━━ EXERCISE DATA ━━

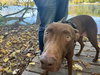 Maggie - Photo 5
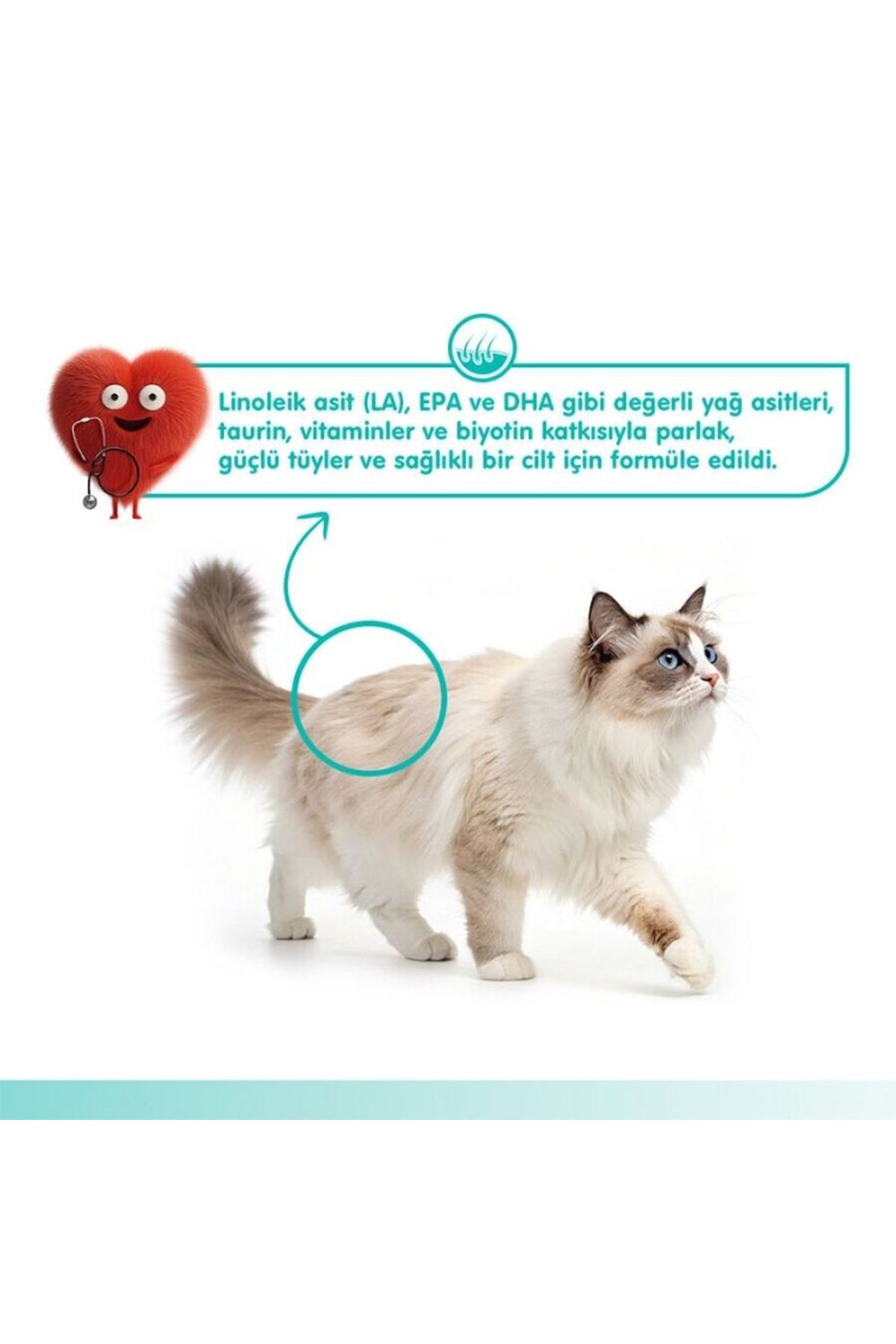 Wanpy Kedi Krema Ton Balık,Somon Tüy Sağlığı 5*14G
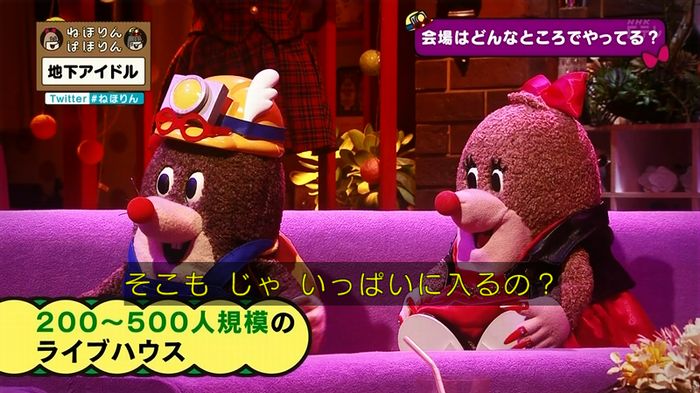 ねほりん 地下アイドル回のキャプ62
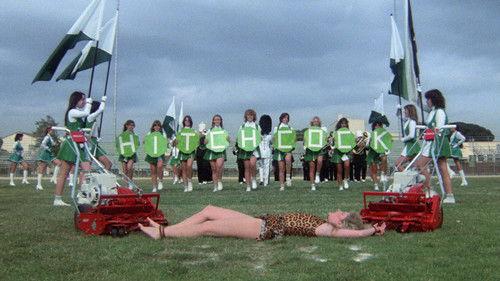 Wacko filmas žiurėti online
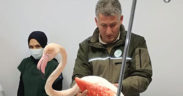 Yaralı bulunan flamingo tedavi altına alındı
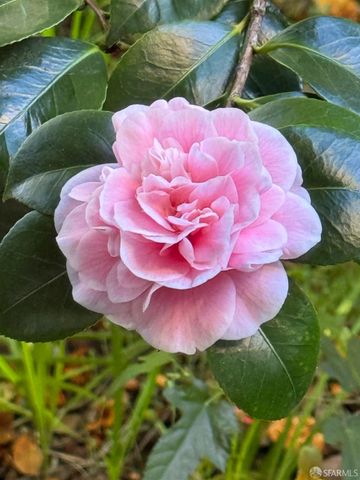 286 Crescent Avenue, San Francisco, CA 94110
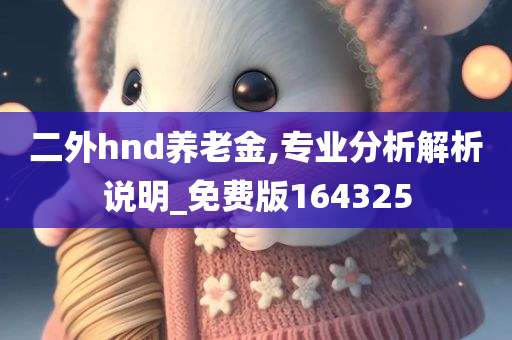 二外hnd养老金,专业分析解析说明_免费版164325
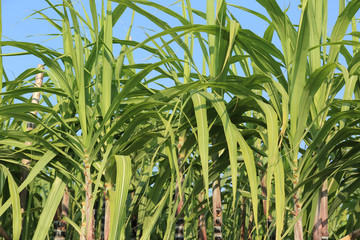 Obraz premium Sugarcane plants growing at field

━━━

Give every line above again exactly, omitting whatever pictures appear.

## REPLY TO THE TASK
 Maggie - Photo 5
 Wanpy Kedi Krema Ton Balık,Somon Tüy Sağlığı 5*14G
 ねほりん 地下アイドル回のキャプ62
 Wacko filmas žiurėti online
 Yaralı bulunan flamingo tedavi altına alındı
 286 Crescent Avenue, San Francisco, CA 94110
 二外hnd养老金,专业分析解析说明_免费版164325
 Obraz premium Sugarcane plants growing at field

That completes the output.